**Work to be completed**
Each line of the material must be repeated precisely, with the pictures left out.

========================================================================

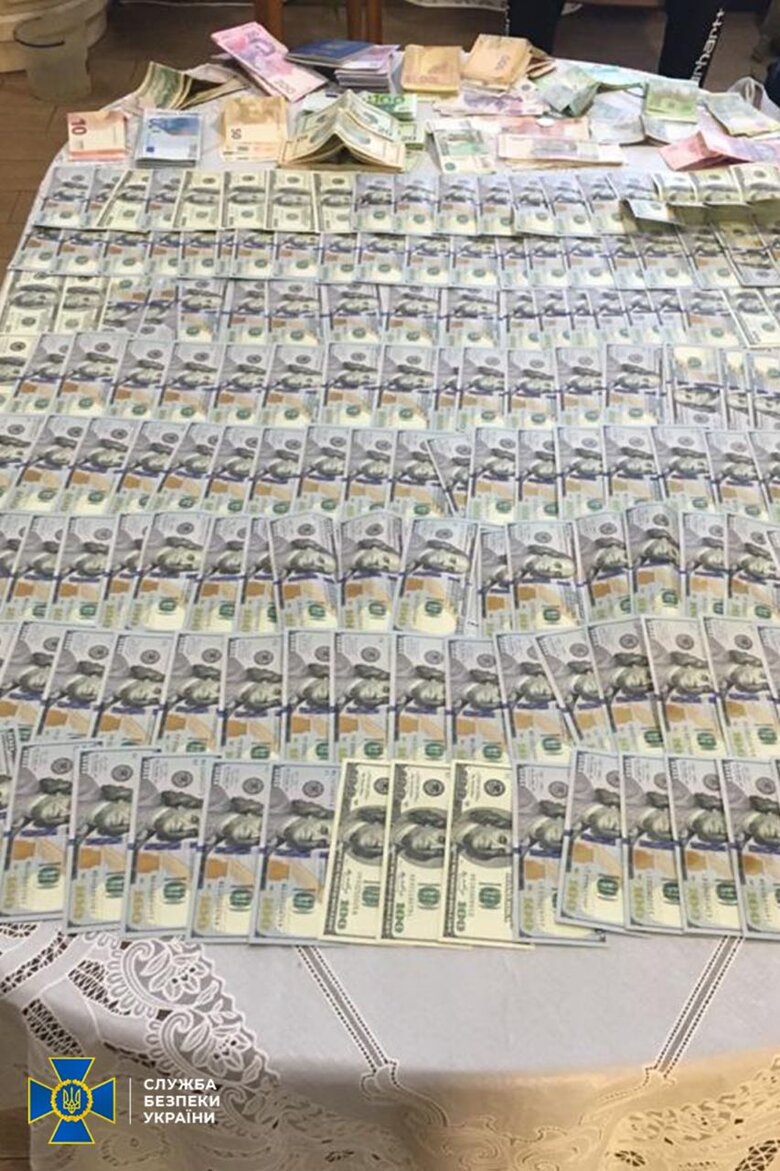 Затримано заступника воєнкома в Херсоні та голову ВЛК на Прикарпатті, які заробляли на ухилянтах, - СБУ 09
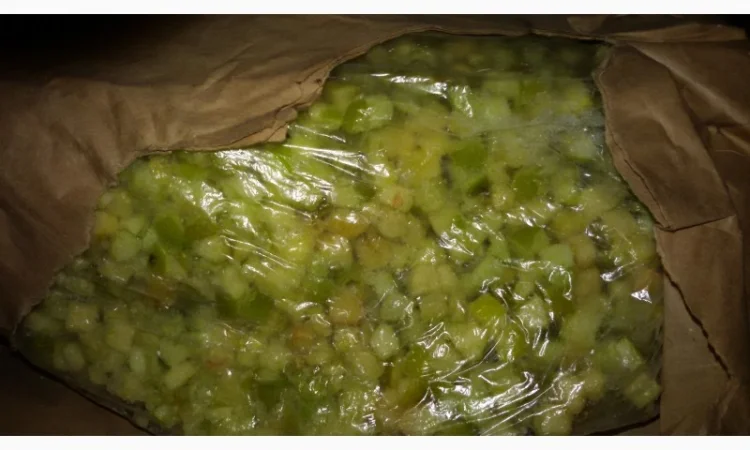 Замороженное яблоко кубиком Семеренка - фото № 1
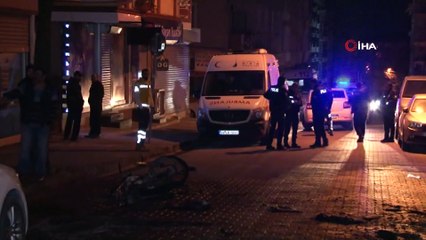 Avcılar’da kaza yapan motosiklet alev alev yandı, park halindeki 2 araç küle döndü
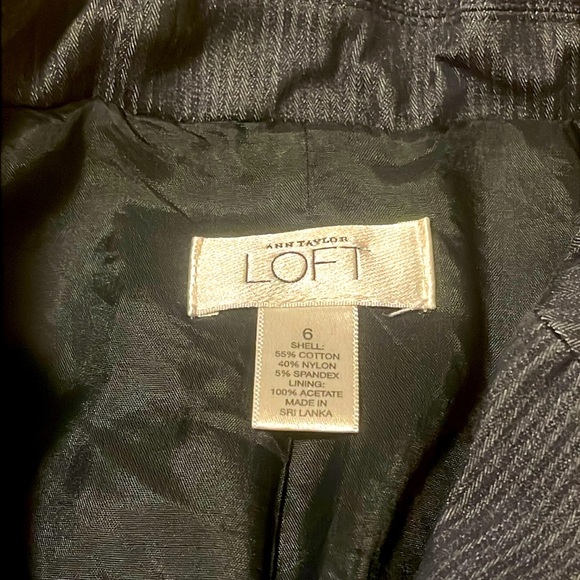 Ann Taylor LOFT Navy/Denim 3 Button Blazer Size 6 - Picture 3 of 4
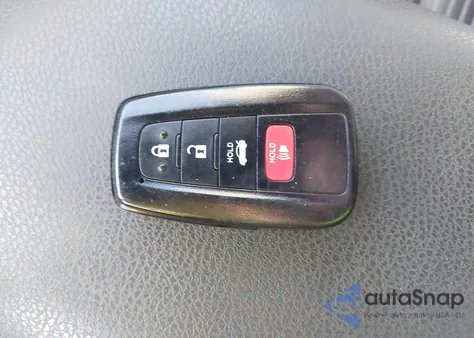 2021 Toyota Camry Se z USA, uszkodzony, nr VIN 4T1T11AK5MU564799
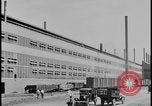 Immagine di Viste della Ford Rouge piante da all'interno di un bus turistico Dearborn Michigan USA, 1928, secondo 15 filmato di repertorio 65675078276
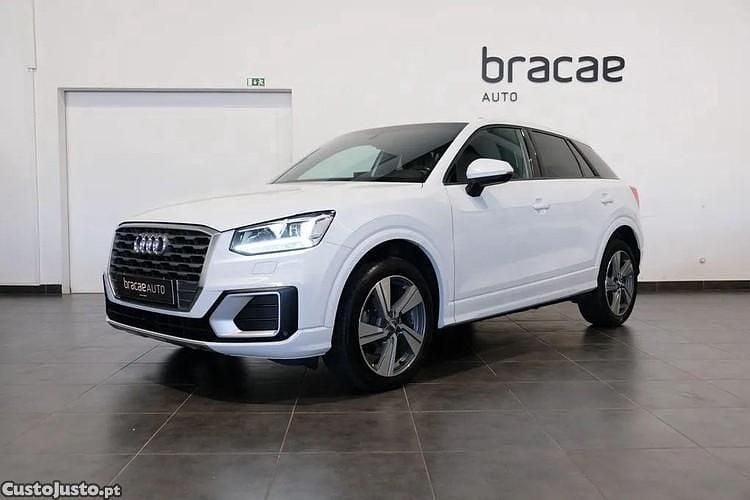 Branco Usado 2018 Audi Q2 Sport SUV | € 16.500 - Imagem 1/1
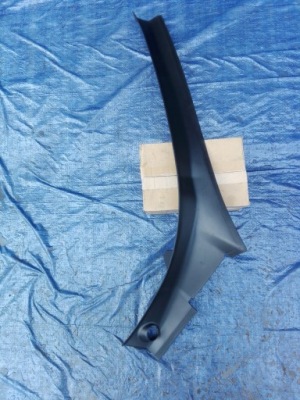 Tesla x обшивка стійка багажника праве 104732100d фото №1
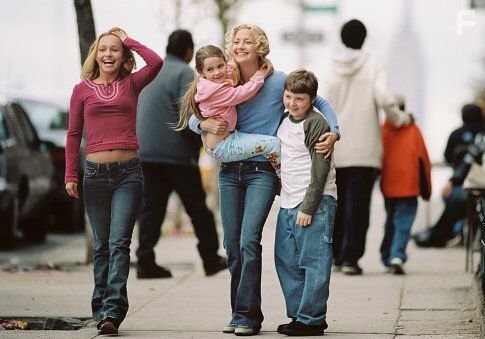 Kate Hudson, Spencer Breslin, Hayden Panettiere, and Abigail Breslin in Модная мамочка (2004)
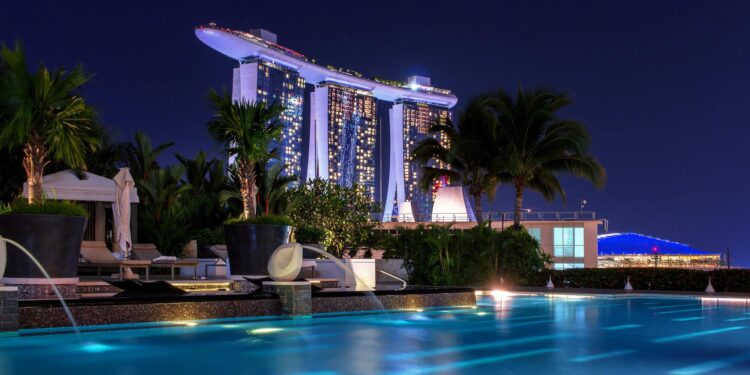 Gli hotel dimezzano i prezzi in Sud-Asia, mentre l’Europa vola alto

========================================================================

**Exercise output**
 Затримано заступника воєнкома в Херсоні та голову ВЛК на Прикарпатті, які заробляли на ухилянтах, - СБУ 09
 Замороженное яблоко кубиком Семеренка - фото № 1
 Avcılar’da kaza yapan motosiklet alev alev yandı, park halindeki 2 araç küle döndü
 Ann Taylor LOFT Navy/Denim 3 Button Blazer Size 6 - Picture 3 of 4
 2021 Toyota Camry Se z USA, uszkodzony, nr VIN 4T1T11AK5MU564799
 Immagine di Viste della Ford Rouge piante da all'interno di un bus turistico Dearborn Michigan USA, 1928, secondo 15 filmato di repertorio 65675078276
 Branco Usado 2018 Audi Q2 Sport SUV | € 16.500 - Imagem 1/1
 Tesla x обшивка стійка багажника праве 104732100d фото №1
 Kate Hudson, Spencer Breslin, Hayden Panettiere, and Abigail Breslin in Модная мамочка (2004)
 Gli hotel dimezzano i prezzi in Sud-Asia, mentre l’Europa vola alto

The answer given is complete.